Nos alojamos en un hotel modesto y limpio, donde dan desayunos y permiten que el viajero tenga siempre la llave de la habitación y entre y salga a su antojo sin marear al encargado. Por las noches se escuchan las campanadas de la iglesia y el rumor de la popular Fuente de los Cuatro Caños. Comienzan las fiestas y se nota en el ambiente. Antes de cenar, un paseo por sus callejuelas. A la vera de los portales hay grupos de vecinos sentados en sillas plegables o de madera, al fresco, pegando la hebra. Dos señores han puesto una televisión de respetables dimensiones en la entrada de su casa, y la ven desde el otro lado de la calle, en las sillas, con las camisas abiertas porque la noche se anuncia calurosa. La vía es estrecha y, para tocar la pantalla, al dueño le bastaría con incorporarse un poco y estirar el brazo. Pasamos por en medio. Hay sosiego en el laberinto de callejuelas y a uno le parece que se ha caído dentro de un cuento. “El viajero sale a caminar por la ciudad y anda por las calles de los viejos nombres, por las calles alfombradas de guijarrillos menudos, ante las casas de puertas claveteadas de gruesos hierros y de balcones adornados con macetas de geranios, de claveles, de esparragueras y de albahaca” (C.J.C.). Buscamos el Cenador de las Monjas, construido en el Convento de San José, fundado éste por Santa Teresa de Jesús. En algunas esquinas hay carteles con una flecha que indica hacia dónde queda el restaurante. Nos perdemos, a pesar del plano que utilizamos. Al encontrarlo por fin, me asomo a la puerta. No hay gente cenando ni un tablero donde se muestre el menú y la lista de precios. No me gusta entrar en sitios donde no sé qué voy a comer y lo dejamos para otra ocasión. El encargado del hotel nos dice, el día de nuestra partida, que allí tienen menús de degustación de “cocina creativa”, con platos de no mucha cantidad. Le digo que probaré la próxima vez que venga al pueblo. En el interior de este convento estuvo enclaustrada Ana de Mendoza y de la Cerda, Princesa de Éboli, aquella señora con parche en el ojo y múltiples leyendas a sus espaldas.
Cenamos en un restaurante del centro.
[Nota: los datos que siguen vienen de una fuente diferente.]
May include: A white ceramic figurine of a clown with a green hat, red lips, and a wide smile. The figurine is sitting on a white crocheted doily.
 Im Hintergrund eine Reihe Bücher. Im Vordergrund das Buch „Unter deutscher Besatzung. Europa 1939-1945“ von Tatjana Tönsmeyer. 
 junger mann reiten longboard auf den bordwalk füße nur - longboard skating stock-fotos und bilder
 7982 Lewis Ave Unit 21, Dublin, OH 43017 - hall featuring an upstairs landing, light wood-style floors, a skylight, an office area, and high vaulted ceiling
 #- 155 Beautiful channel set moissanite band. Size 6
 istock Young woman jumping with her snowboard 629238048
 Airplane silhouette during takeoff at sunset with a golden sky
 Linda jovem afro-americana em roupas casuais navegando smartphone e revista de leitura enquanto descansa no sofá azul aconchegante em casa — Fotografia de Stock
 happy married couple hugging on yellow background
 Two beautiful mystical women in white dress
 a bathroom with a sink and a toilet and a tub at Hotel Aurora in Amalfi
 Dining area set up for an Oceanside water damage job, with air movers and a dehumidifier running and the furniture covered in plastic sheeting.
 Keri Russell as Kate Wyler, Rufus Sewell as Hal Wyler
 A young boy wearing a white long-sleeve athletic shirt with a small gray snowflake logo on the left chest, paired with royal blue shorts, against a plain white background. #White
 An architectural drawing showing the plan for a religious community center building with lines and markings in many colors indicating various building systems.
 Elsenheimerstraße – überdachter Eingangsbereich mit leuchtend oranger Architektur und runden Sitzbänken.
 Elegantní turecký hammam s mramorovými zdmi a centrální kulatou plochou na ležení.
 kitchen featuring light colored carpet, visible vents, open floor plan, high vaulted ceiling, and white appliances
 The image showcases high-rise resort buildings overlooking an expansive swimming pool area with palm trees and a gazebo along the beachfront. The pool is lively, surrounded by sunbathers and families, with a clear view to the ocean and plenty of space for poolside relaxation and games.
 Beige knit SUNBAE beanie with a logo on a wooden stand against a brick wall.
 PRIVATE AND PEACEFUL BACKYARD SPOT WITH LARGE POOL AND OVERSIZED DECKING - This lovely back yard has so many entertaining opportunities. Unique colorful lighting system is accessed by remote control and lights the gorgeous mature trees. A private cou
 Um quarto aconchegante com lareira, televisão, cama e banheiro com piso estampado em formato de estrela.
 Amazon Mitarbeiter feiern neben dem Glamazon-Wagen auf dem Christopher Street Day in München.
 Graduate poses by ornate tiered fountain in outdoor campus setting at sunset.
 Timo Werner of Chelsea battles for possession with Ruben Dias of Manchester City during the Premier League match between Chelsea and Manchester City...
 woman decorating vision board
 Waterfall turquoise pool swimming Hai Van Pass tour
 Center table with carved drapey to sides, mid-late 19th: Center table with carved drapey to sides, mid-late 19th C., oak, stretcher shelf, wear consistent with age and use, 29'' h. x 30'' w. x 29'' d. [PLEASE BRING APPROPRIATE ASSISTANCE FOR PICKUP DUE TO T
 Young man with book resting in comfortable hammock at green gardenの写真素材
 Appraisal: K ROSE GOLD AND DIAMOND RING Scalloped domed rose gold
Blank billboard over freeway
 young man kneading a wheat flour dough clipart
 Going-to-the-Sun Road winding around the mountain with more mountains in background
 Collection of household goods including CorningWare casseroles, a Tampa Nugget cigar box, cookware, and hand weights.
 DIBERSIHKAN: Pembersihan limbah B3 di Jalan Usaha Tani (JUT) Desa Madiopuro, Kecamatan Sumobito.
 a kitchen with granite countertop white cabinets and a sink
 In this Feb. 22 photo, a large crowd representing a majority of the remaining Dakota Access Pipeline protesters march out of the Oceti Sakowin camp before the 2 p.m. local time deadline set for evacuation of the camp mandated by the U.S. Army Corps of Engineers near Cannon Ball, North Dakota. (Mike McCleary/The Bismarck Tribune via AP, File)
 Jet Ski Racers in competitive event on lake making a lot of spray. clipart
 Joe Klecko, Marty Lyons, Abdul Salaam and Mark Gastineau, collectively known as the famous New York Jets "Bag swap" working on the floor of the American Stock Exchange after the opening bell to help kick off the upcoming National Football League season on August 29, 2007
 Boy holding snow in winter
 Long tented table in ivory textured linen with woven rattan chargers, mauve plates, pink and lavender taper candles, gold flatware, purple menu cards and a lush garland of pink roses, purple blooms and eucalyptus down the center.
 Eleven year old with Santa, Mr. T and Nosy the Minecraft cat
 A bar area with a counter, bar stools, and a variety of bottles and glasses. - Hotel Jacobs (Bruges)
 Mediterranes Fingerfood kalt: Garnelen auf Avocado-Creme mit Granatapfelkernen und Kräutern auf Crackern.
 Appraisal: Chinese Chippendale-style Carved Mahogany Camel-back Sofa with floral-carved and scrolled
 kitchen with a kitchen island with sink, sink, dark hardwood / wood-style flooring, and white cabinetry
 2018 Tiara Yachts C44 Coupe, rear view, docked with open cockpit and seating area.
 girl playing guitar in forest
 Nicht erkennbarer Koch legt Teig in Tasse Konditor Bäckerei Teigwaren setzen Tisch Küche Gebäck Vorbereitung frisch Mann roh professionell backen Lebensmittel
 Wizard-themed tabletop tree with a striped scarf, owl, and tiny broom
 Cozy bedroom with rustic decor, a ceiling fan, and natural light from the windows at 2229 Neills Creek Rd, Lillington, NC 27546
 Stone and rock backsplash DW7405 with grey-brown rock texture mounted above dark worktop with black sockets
Encienden las luces para nosotros porque no hay comensales. Es mejor cenar así: sin bullicio alrededor, sin comentarios ajenos. No conviene cenar fuerte, pero el apetito es mucho y las migas llevan mi nombre, me llaman desde la carta. Migas de Pastrana: pan, ajo, panceta, chorizo, uvas negras y huevo frito; se fríen con aceite de oliva. Comida de pastor y de pobre, hoy es un plato de lujo. También pedimos queso y mollejas con trigueros.